### Supplied information
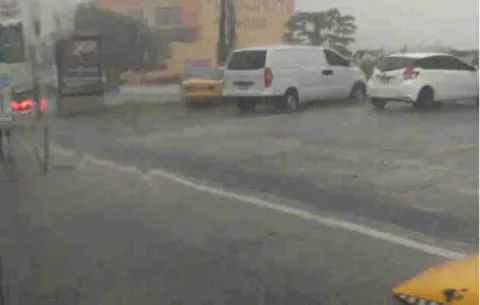 Ráfaga de viento, lluvia y tormenta eléctrica azotan la provincia de Panamá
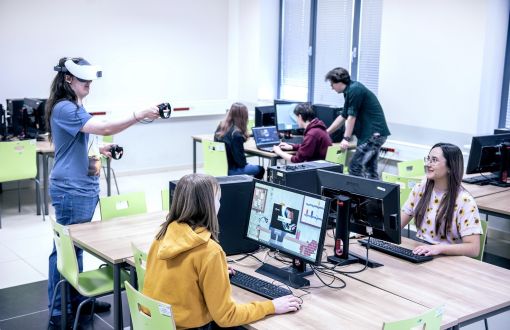 W pracowni na Wydziale FTIMS PŁ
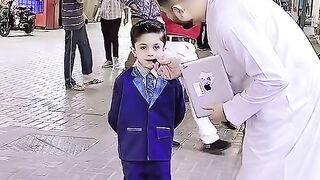 Cute baby / informative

### Work request
An exact, picture-free copy of the listing above is the goal; write it out now.

### Task result
 Ráfaga de viento, lluvia y tormenta eléctrica azotan la provincia de Panamá
 W pracowni na Wydziale FTIMS PŁ
 Cute baby / informative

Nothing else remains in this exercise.